* Record extracts
§
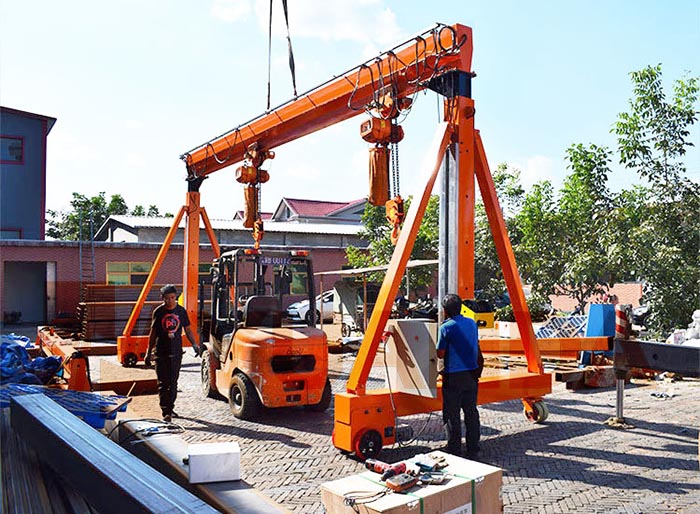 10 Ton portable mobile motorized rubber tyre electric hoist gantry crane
§
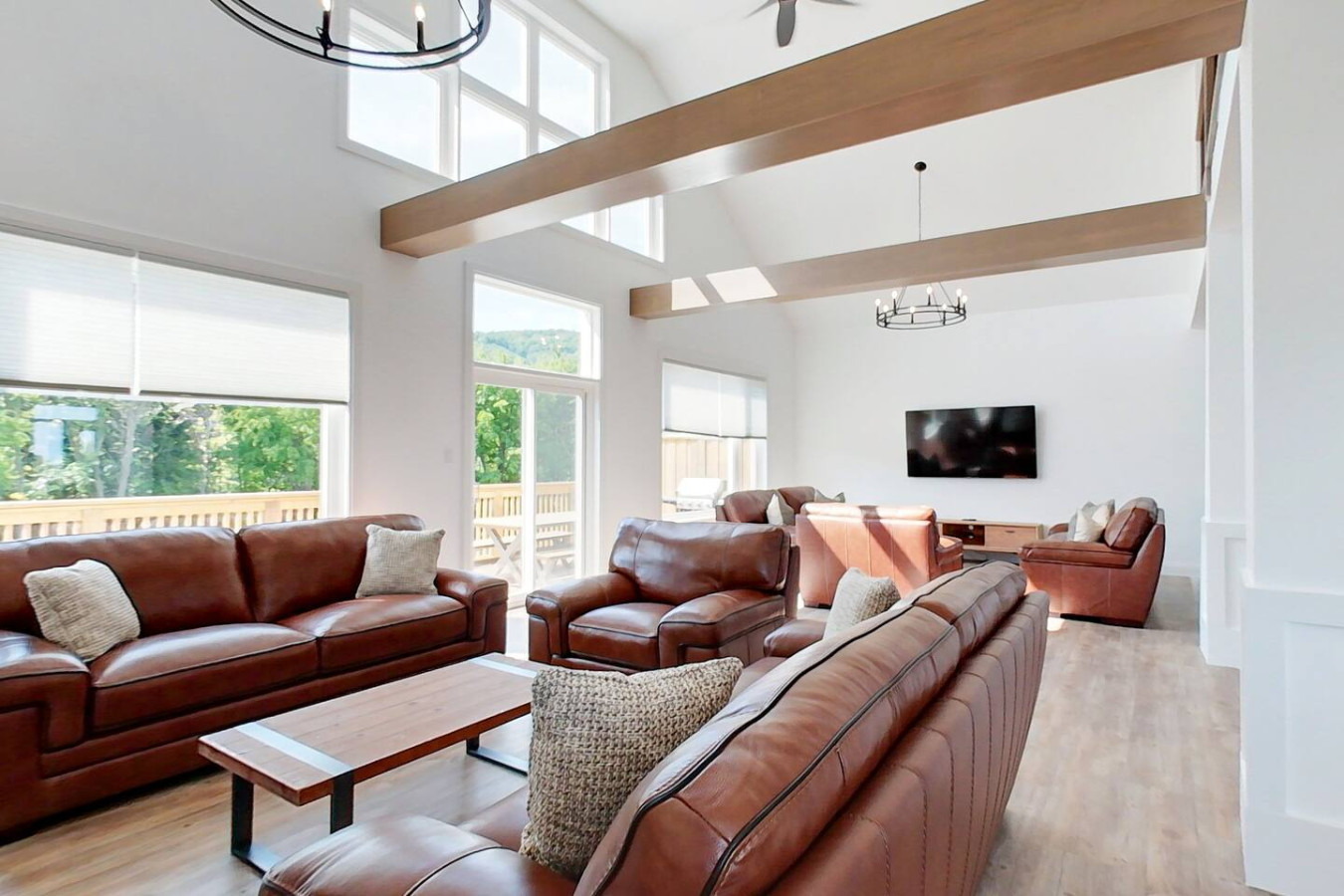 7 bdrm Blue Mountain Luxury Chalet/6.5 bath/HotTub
§
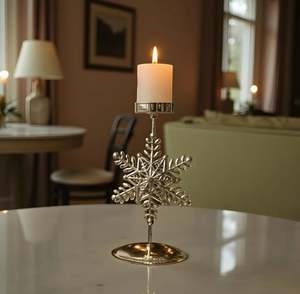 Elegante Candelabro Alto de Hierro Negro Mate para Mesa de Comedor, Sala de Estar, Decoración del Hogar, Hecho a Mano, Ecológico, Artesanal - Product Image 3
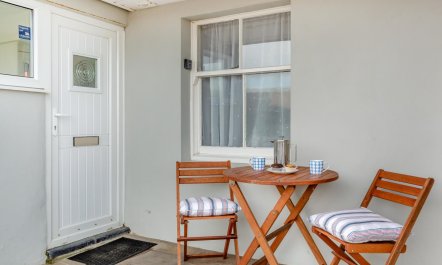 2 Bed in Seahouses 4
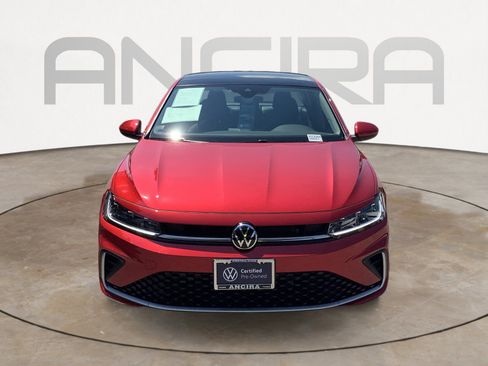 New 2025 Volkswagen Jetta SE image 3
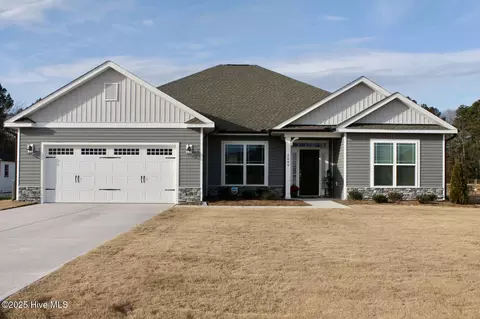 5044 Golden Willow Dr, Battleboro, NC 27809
§
* Instructions for the task
Beginning with the line holding "Elegante Candelabro Alto" in the material above, restate word for word each line through the line holding "5044 Golden Willow Dr, Battleboro, NC 27809", and exclude pictures.

* Result of this exercise
 Elegante Candelabro Alto de Hierro Negro Mate para Mesa de Comedor, Sala de Estar, Decoración del Hogar, Hecho a Mano, Ecológico, Artesanal - Product Image 3
 2 Bed in Seahouses 4
 New 2025 Volkswagen Jetta SE image 3
 5044 Golden Willow Dr, Battleboro, NC 27809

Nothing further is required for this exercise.